Sunday, November 25, 2007

Tally Ho! James Gray To Stand Again, Despite Local Tory Opposition


The North Wiltshire MP (like the gift that keeps on giving) has promised to stand again for his seat in the next general election.

Despite the actions of the North Wiltshire Conservative Association to oust him, it looks like it will be up to the residents of that area to have their own go. Mr Gray did say he would mend any "bridges".

Considering members of the association wanted him off the bridge entirely, it'll be up to the voters to push him over the edge and into the water.

Swindon Centric Says ; Well, good luck Mr Gray. If you want to go green, go gray? Doesn't have the nicest of rings to it.

Top Ten Things Heard On Swindon's Buses Last Week ; 30


Click here for the original and still the best at this brilliant idea, here's our own version for Swindon's buses from last week.

10 . But can he afford that kind of expense?

9 . Leeks are hugely underrated.

8 . It was a long dark tunnel, what can I say?

7 . Californication is the new Desperate Housewives.

6 . He just wants to help the police.

5 . Who goes hang gliding these days, not me.

4 . I knew he was going to trip up, like when something falls off a checkout belt, you can see it happening.

3 . A fanta and a packet of wotsits is not the way to start the day.

2 . When it's sunny, it still feels mild.

And the top ten overheard phrase on Swindon's buses from last week is.

1 . I've spent all my money on lead paint covered toys for Christmas, ho ho ho.

Overheard something we've missed? Then let us know.

Get on the bus and get listening!

Tuesday, November 20, 2007

Swindon's Stale Air ; What We Already Knew


Jonathon Porritt, the straight talking environmentalist was in Swindon yesterday, telling the Borough Council that it's not doing things sustainable enough.

This is rather shocking to local residents after the comment by Francis Maude recently that Swindon's authority is an all singing all dancing "model". Mr Porritt added that the council has to "make it work for people and the environment".
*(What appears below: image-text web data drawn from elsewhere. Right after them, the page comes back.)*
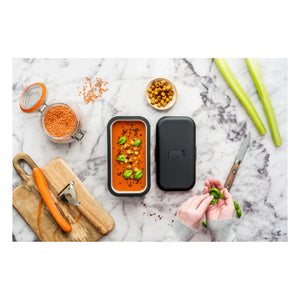 Monbento - Beheizbare Bento MB Warmer | Schwarz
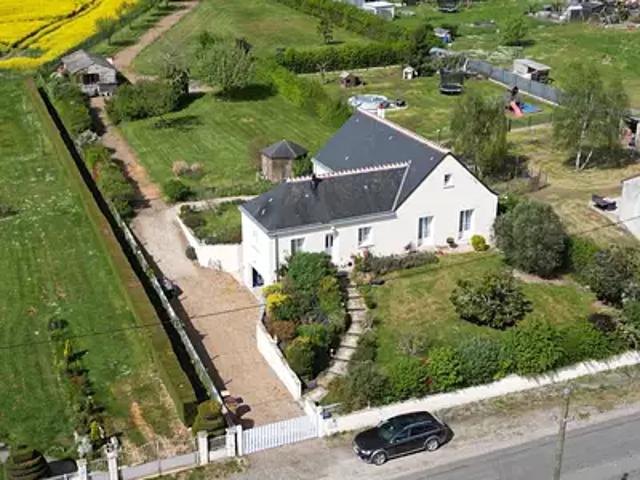 Maison vente à Le Bourg, Loché-sur-Indrois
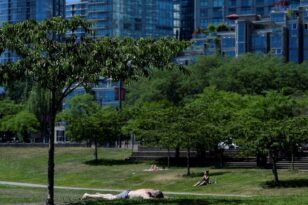 "Φονικός" καύσωνας στον Καναδά - Δεκάδες νεκροί -Στους 49,5 βαθμούς έφτασε η θερμοκρασία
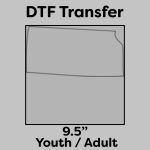 DTF Transfer 9.5" Thumbnail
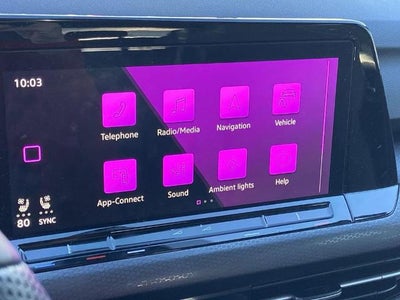 2022 Volkswagen Golf GTI Autobahn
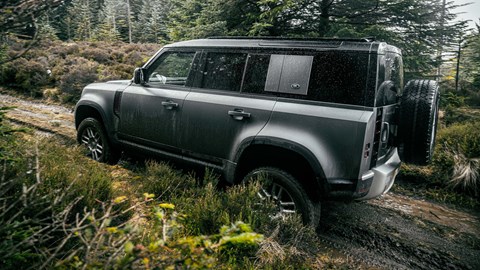 Land Rover Defender 22 Review All Terrain All The Time Car Magazine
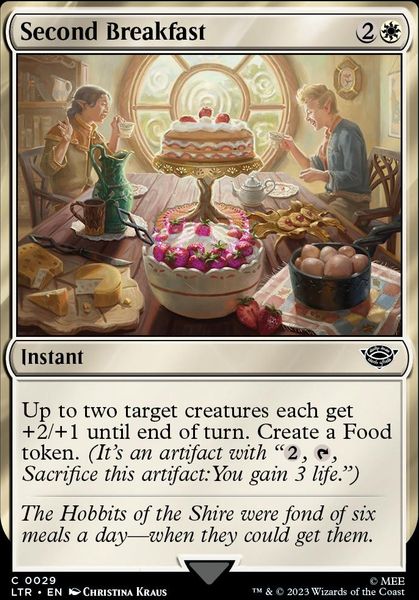 Hovedbilde Second Breakfast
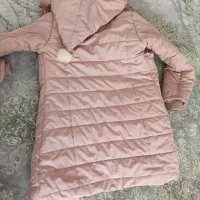 کاپشن دخترانه سایز ۶|لباس|مشهد, شهید قربانی|دیوار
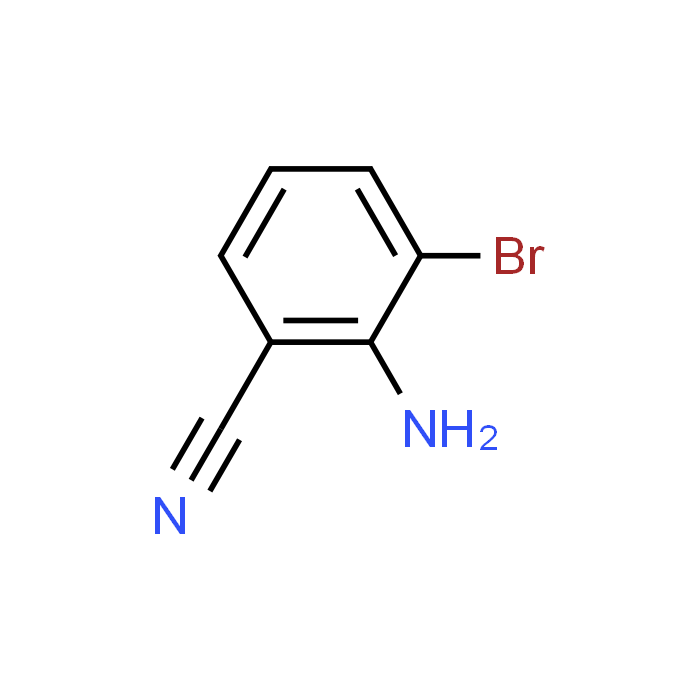 2-Amino-3-bromobenzonitrile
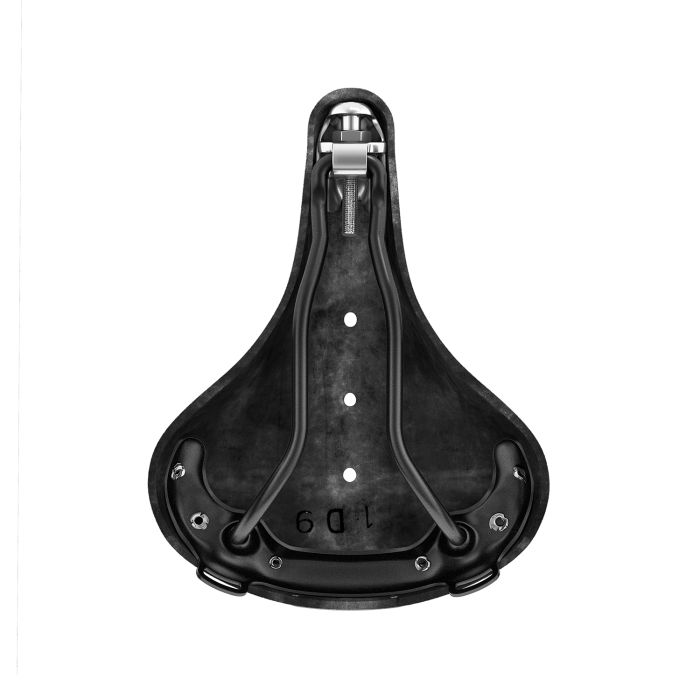 Short Brooks B17 - noir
Swindon Centric Says ; Lets hope a vast improvement in the track record of refuse and recycling collection happens which would make things "work" for the environment and the people who have to live in it.

James Gray Survives Deselection ; Sir Humphrey Gets Scheming



MP for North Wiltshire, James Gray, survived a deselection bid by the local Conservative Association last night. 181 voted in his favour and 104 against.

This is the same MP who recently refused to say how many staff he employed in his office. Indeed, he didn't say "no comment", he said "it's none of your business".

We did debate whether or not to run this story since we didn't get any verbal confirmation from Mr Gray that he approved.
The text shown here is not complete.